## Dataset content
* * * * * * *
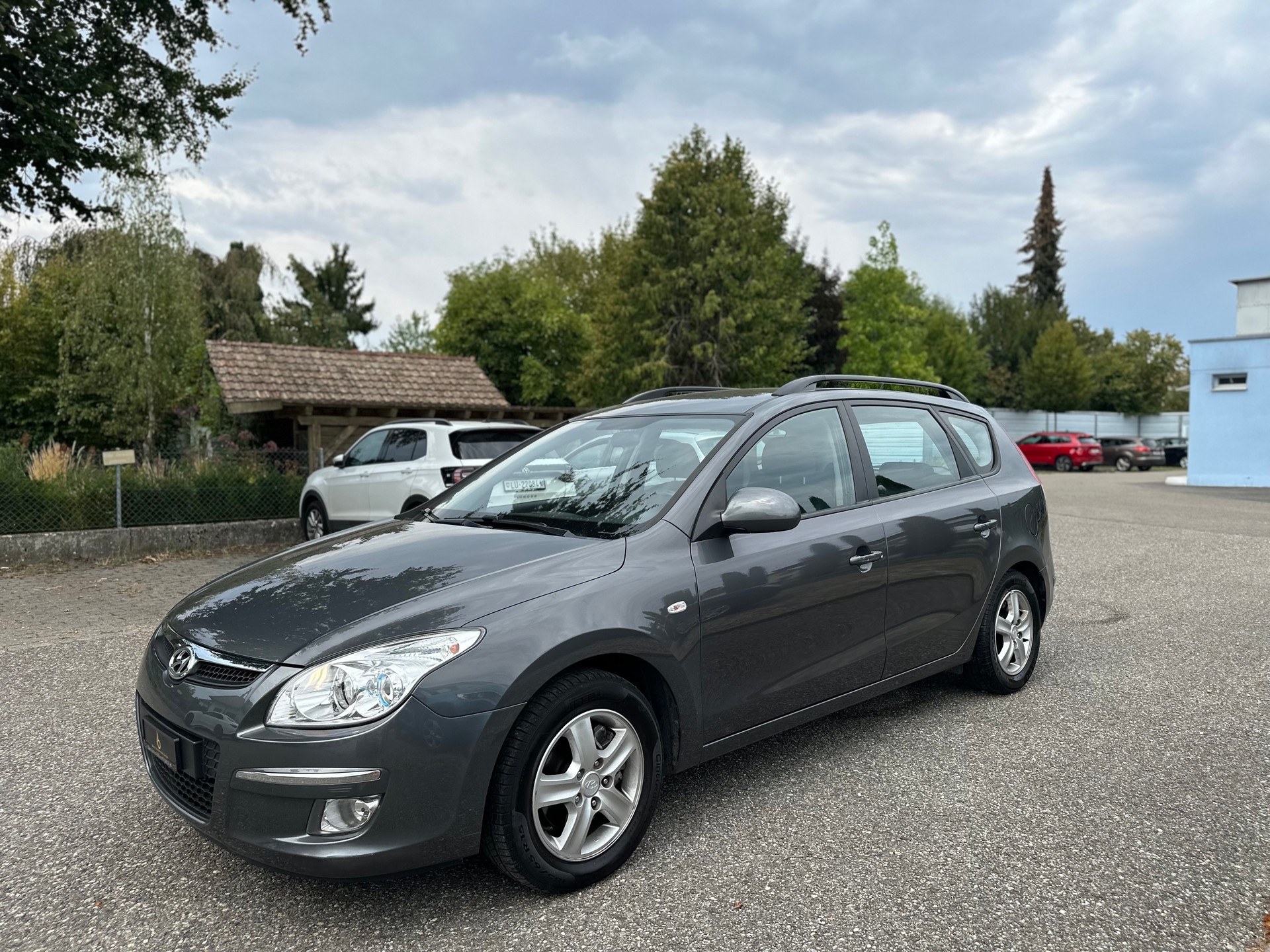 HYUNDAI i30 Wagon 1.6 CRDi Style Automatic-image-3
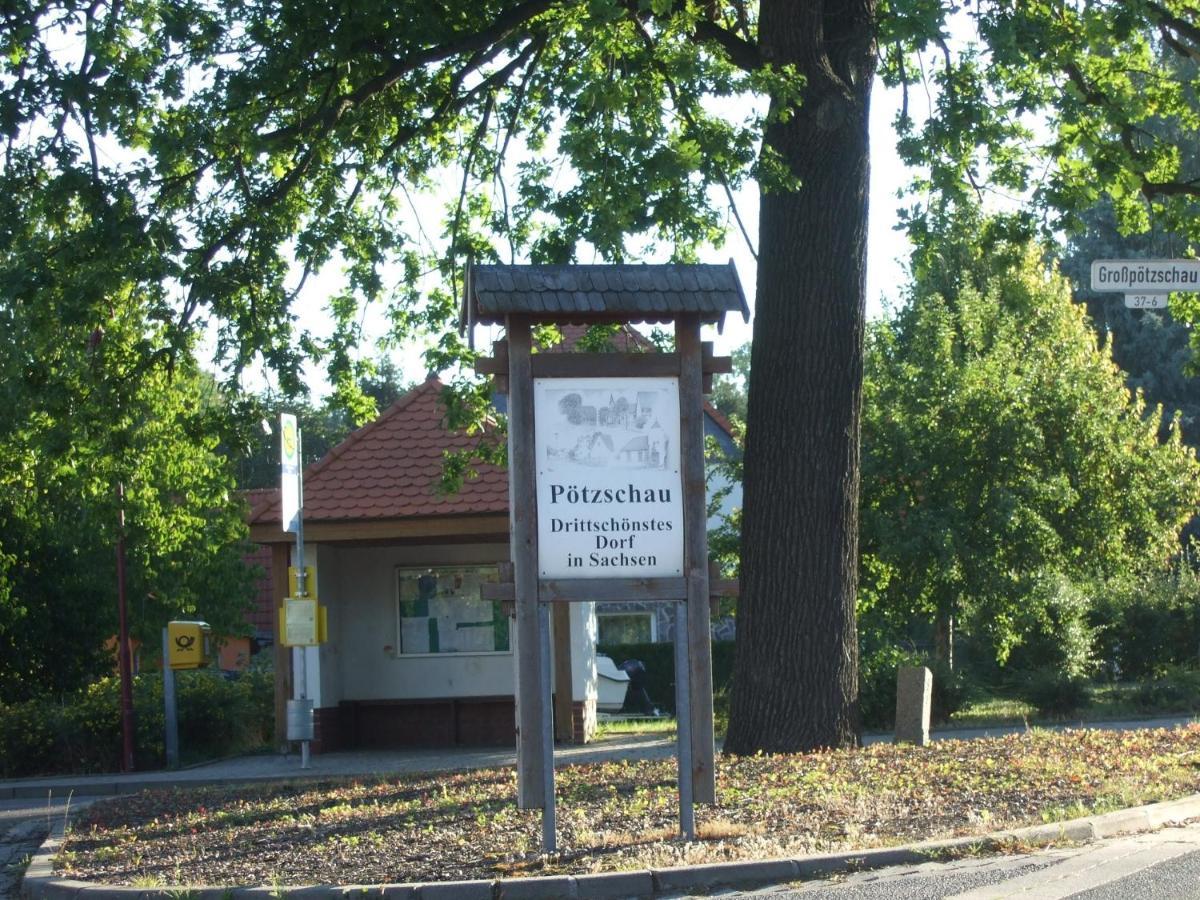 Ferienwohnung Am Neuseenland Rotha Bagian luar foto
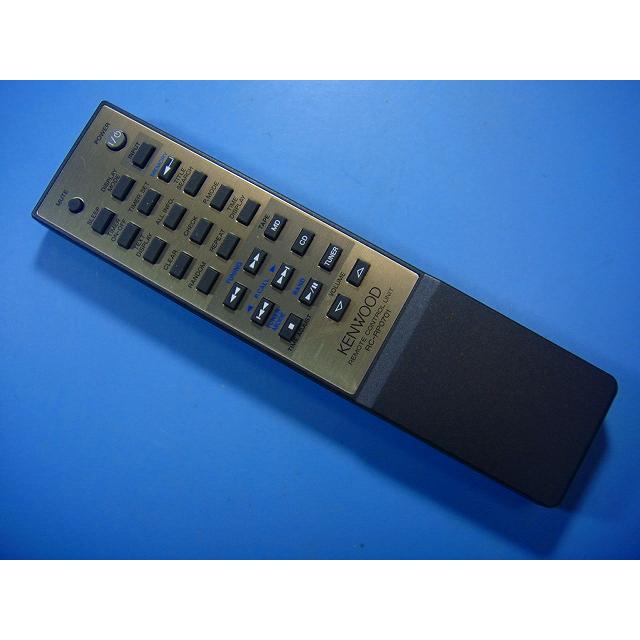 ケンウッド RC-RP0701 KENWOOD リモコン オーディオ 送料無料 スピード発送 即決 動作確認済 不良品返金保証 純正 ...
* * * * * * *
## Assigned task
Where a picture appears, skip it; repeat everything else in the data exactly.

## Reply to the exercise
 HYUNDAI i30 Wagon 1.6 CRDi Style Automatic-image-3
 Ferienwohnung Am Neuseenland Rotha Bagian luar foto
 ケンウッド RC-RP0701 KENWOOD リモコン オーディオ 送料無料 スピード発送 即決 動作確認済 不良品返金保証 純正 ...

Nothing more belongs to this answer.